Thus, if the prosecutor did not approve, the trial court had no authority to
modify a sentence.
[8] Effective July 1, 2014, our legislature eliminated the need for the prosecuting
attorney’s approval. See I.C. § 35-38-l-17(c) (2014) (providing, after defendant
has served 365 days, court has authority to reduce or suspend sentence to a
sentence available at the time of sentencing and “court must incorporate its
reasons in the record”). However, another statute that also took effect in 2014
made the new version of Indiana Code section 35-38-1-17 inapplicable to “(1)
penalties incurred; (2) crimes committed; or (3) proceedings begun; before [July
1, 2014]. Those penalties, crimes, and proceedings continue and shall be
imposed and enforced under prior law as if [the new sentencing laws] had not
been enacted.” I.C. § 1-1-5.5-21(a) (2014).

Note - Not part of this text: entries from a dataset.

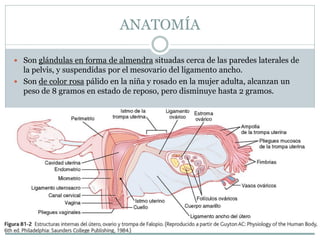 ANATOMÍA
 Son glándulas en forma de almendra situadas cerca de las paredes laterales de
la pelvis, y suspendidas por el mesovario del ligamento ancho.
 Son de color rosa pálido en la niña y rosado en la mujer adulta, alcanzan un
peso de 8 gramos en estado de reposo, pero disminuye hasta 2 gramos.
 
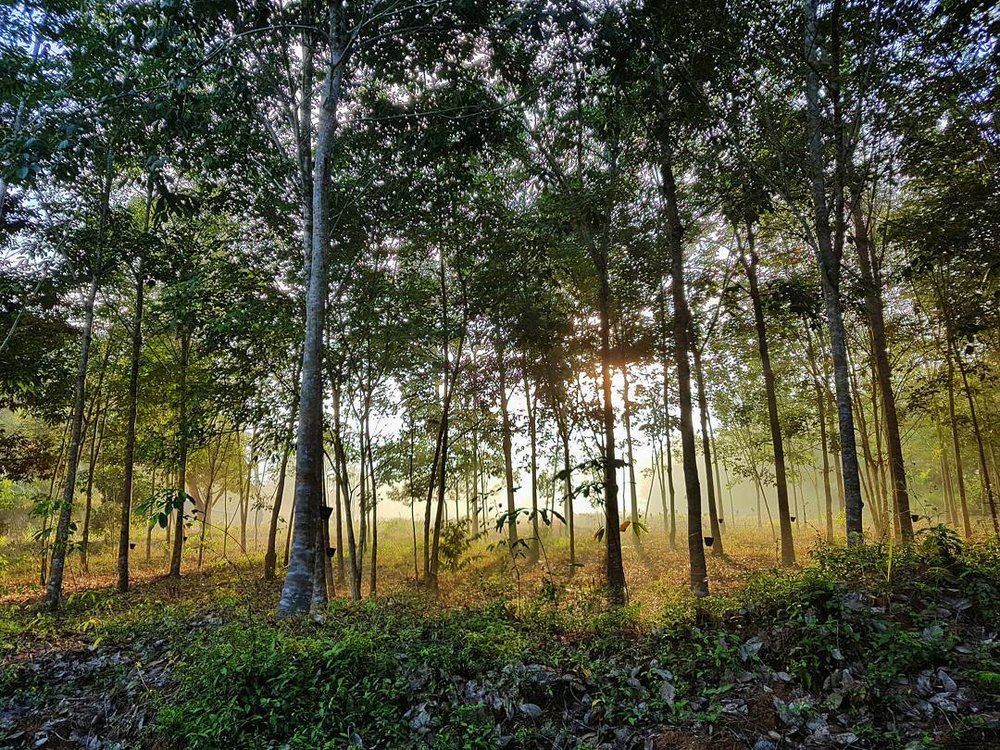 Endau-Rompin National Park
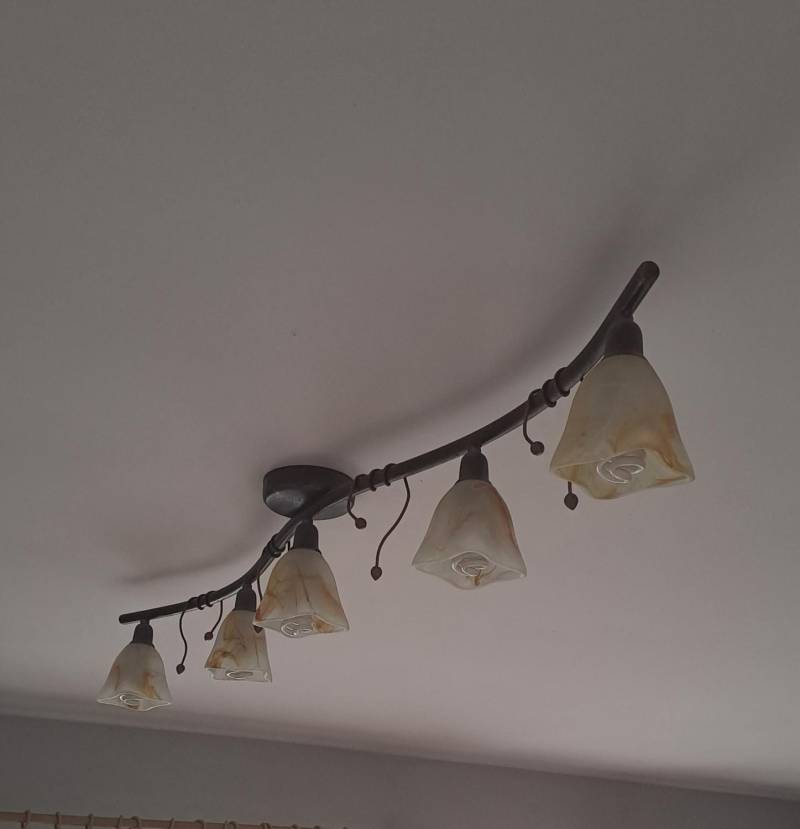 20230804-091052.jpeg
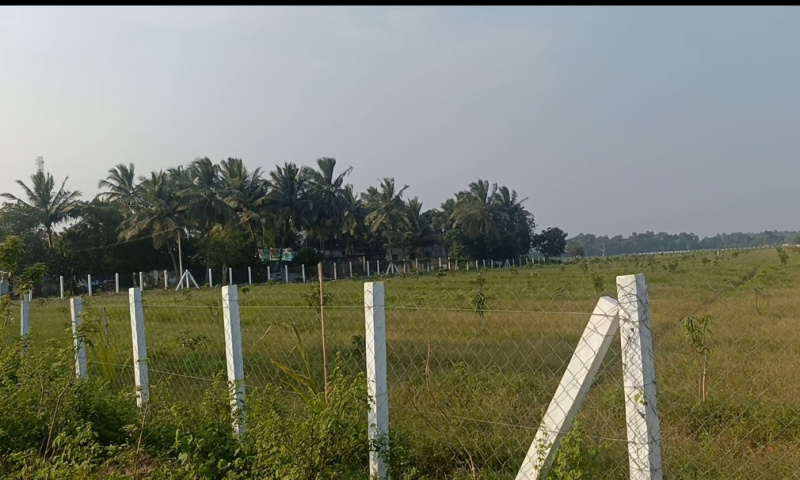  20 Acre Agricultural/Farm Land for Sale in Koovathur, Kanchipuram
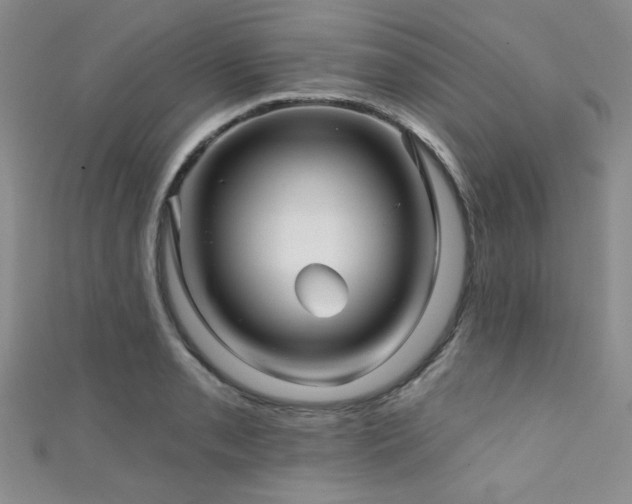 X0000111421085200907131157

Accordingly, if Schmitt, who was
sentenced in 2005, had petitioned for sentence modification after July 1, 2014,
the court could not have modified his sentence without the prosecutor’s
approval. See, e.g., Swallows v. State, 31 N.E.3d 544, 547 (Ind. Ct. App. 2015)
(holding defendant sentenced in 1989 had no right to sentence modification
without prosecutor’s approval under 2014 version of Ind. Code section 35-38-1-
17), trans. denied, superseded by statutory amendment.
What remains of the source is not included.